Looping with Beautifulsoup - Printable Version

+- Python Forum (https://python-forum.io)
+-- Forum: Python Coding (https://python-forum.io/forum-7.html)
+--- Forum: Web Scraping & Web Development (https://python-forum.io/forum-13.html)
+--- Thread: Looping with Beautifulsoup (/thread-15564.html)
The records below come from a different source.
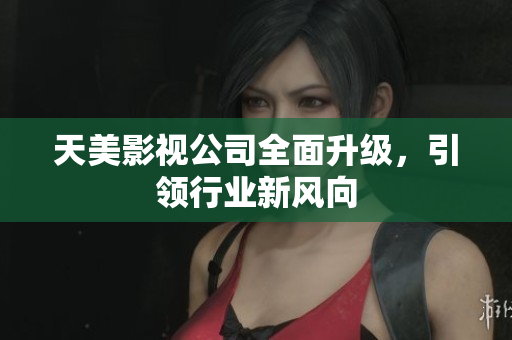 天美影视公司全面升级，引领行业新风向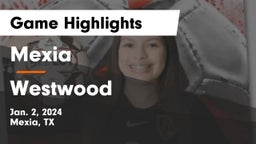 Mexia  vs Westwood  Game Highlights - Jan. 2, 2024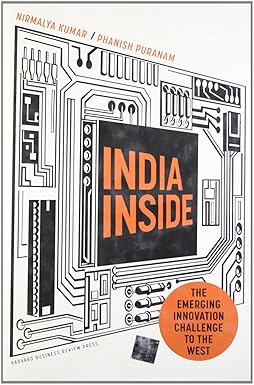 INDIA INSIDE : THE EMERGING INNOVATION CHALLENGE TO THE WEST BY NIRMALYA KUMAR & PHANISH PURANAM (HARDCOVER) OLD BOOK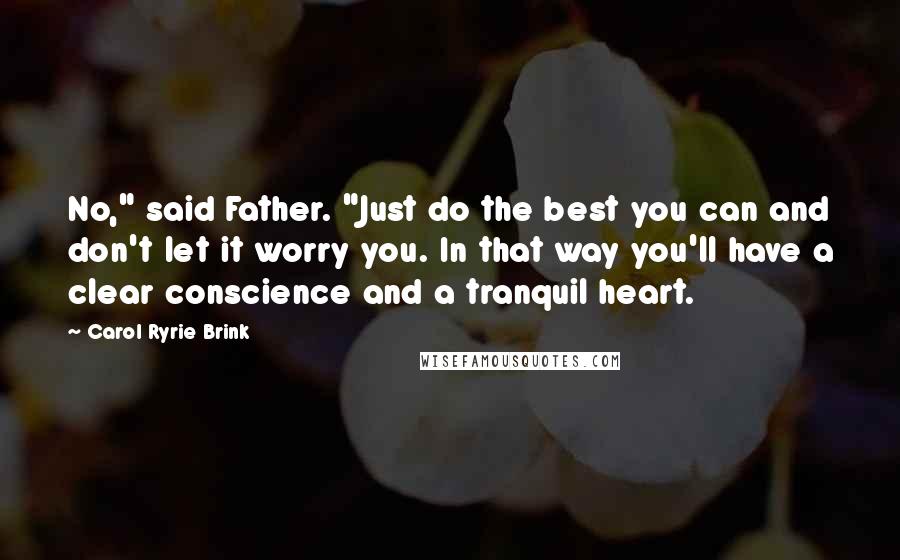 Carol Ryrie Brink Quotes: No," said Father. "Just do the best you can and don't let it worry you. In that way you'll have a clear conscience and a tranquil heart.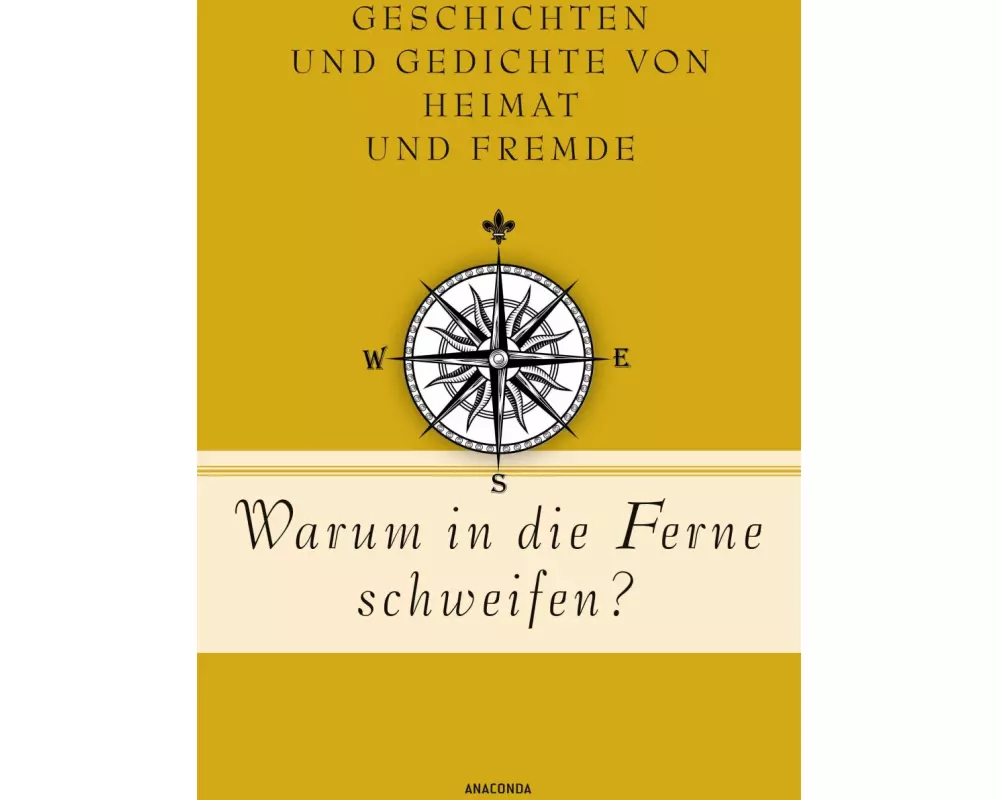 Warum in die Ferne schweifen? Geschichten und Gedichte von Heimat und Fremde
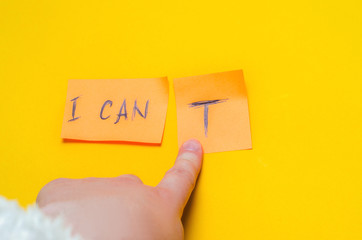 I can self motivation - cutting the letter t of the written word I can't so it says I can, goal...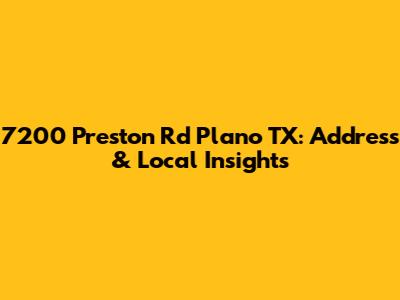 7200 Preston Rd Plano TX: Address & Local Insights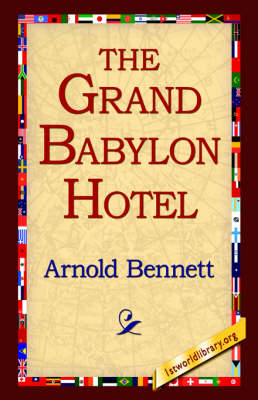 The Grand Babylon Hotel (Hardback)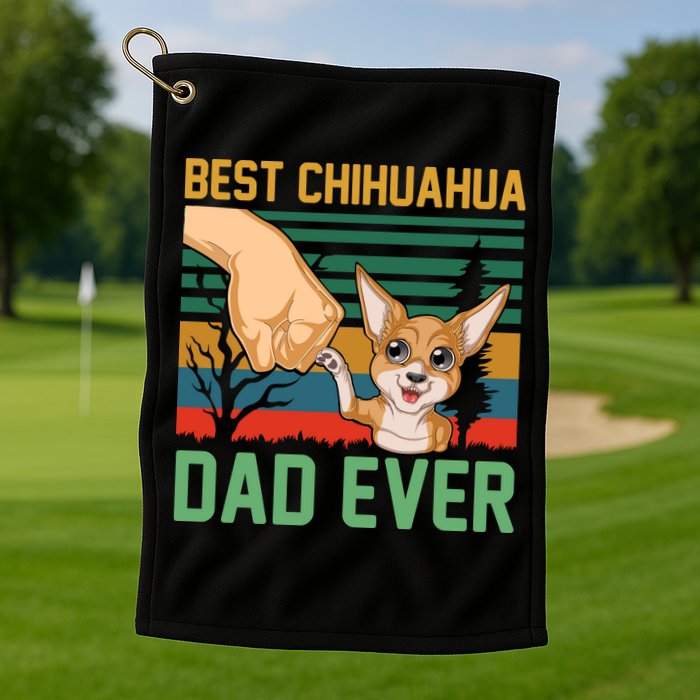 Best Chihuahua Dad Ever Golf Towel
Looping with Beautifulsoup - CaptainCsaba - Jan-22-2019

Hi!

This is my very first python script, I will probably make some noob mistakes and I apologise for that.
So I have a txt file that is full of URLS, they are all in new lines. I created a scrips which basically goes onto one of these sites and gets 7 things we need and it put's it into an excel file. It works perfectly if I use for example (and remove the looping):

my_url = 'https://www.londonstockexchange.com/exchange/prices-and-markets/stocks/summary/company-summary/GB00BH4HKS39GBGBXSET1.html?lang=en'

However if I want to create a loop for it, which means going into the "input.txt" file and reading a line, webscraping it and putting it into excel and repeating it until it reaches the end of the list there is just simply nothing that gets created.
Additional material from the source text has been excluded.